# Blue eyes



## Celebsilmare (Aug 9, 2004)

Ketesh was posing all pretty for me so I couldn't resist.


----------



## MerytBast (Feb 21, 2005)

Oh my gosh, beautiful eyes and cat! Do you have red-eye filter on your camera?


----------



## Celebsilmare (Aug 9, 2004)

yes I do, but I just don't use the flash anymore. I always use natural light or lamps. It gives me enough light without getting that green-eyed kitty look. (or red depending on the angle)


----------



## DesnBaby (Apr 18, 2004)

She looks like a drawing I did, cool! 8) :lol:


----------



## LoveMyKitties (Nov 12, 2004)

What GORGEOUS huge eyes!


----------



## jessamica8 (Aug 17, 2004)

Gorgeous cat! I'm soooo developing a weak spot for blue-eyed pointed tabbies!


----------



## kitkat (Sep 22, 2003)

What a beauty!

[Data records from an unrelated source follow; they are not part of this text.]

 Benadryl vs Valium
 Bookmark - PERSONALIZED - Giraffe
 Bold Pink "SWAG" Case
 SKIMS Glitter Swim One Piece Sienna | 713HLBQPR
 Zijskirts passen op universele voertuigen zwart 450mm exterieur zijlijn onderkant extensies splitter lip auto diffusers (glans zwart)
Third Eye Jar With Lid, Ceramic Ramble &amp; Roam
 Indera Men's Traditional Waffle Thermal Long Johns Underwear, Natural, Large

I never use flash anymore either unless it's completely dark. Natural light makes the picture so much prettier


----------



## Celebsilmare (Aug 9, 2004)

Thanks everybody!


----------



## vanillasugar (Nov 11, 2004)

Oh such a stunning cat!


----------



## RarePuss (Jun 16, 2004)

gorgeous!!! i love blue-eyed cats.. is he a color-point/lynx-point?


----------



## Celebsilmare (Aug 9, 2004)

She's actually a Siamese/tabby mix. By her colors I would guess that one of her parents was a seal or blue point.

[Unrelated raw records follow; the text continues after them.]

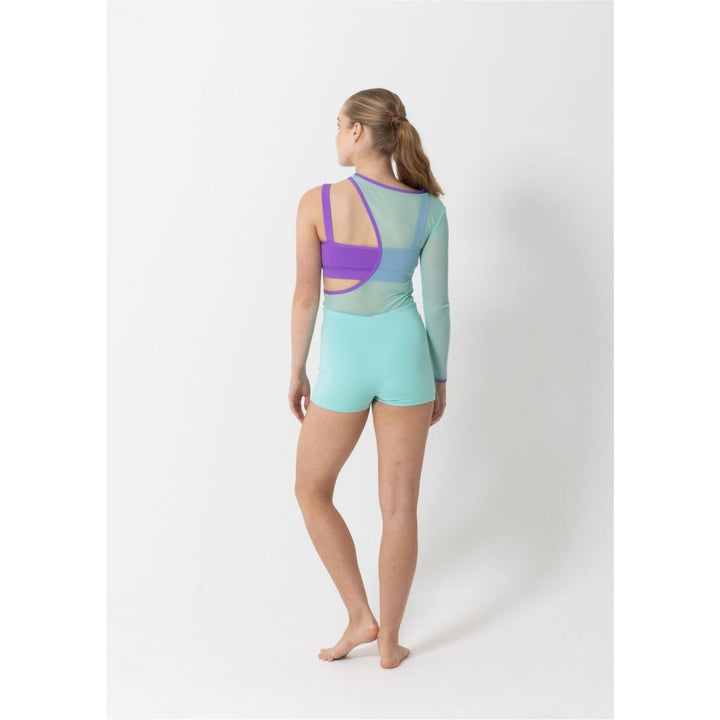 Studio 7 Dancewear Tammy Mesh Contrast Biketard Adult Sizes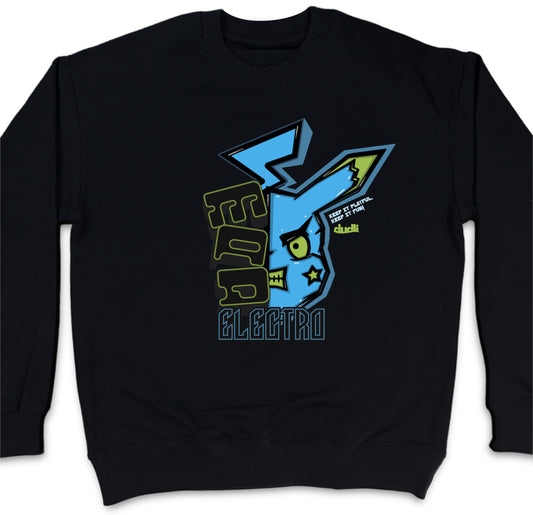 Dudli Graphic Sweatshirt - MAD ELECTRO - Arctic Charge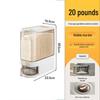 Moisture-Proof, Insect-Proof Rice Storage Box - Sealed, Food-Grade Container for Household Use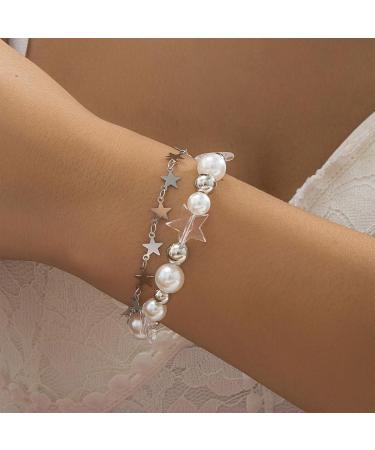 Vsilay Fifted Star Imitation Pearl Bracelets - Sweet & Cool Style Jewelry for Lovers | International Shipping - Buy Online on GoSupps.com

Here's my other Siamese/tabby mix. Her mom was a purebread seal point siamese.


----------



## ForJazz (Dec 30, 2003)

siamese/tabby mix is actually what RarePuss was referring too I think -- the name for a pointed cat with tabby stripes in the points is "lynx point."


----------



## Celebsilmare (Aug 9, 2004)

Oh ok Oops  I'm still learning all the point names.


----------



## RarePuss (Jun 16, 2004)

ForJazz said:


> siamese/tabby mix is actually what RarePuss was referring too I think -- the name for a pointed cat with tabby stripes in the points is "lynx point."


yes! thanks for correcting me too, i'm learning as well


----------



## ForJazz (Dec 30, 2003)

Oh Marina, I think you had it right. Colorpoint is used sometimes too, usually with certain breeds like oriental and a few others -- it really depends, but they both mean the same thing. Just like some associations say "torbie" and some say "patched tabby."


----------



## Stanky (Feb 28, 2005)

Love the eyes!


----------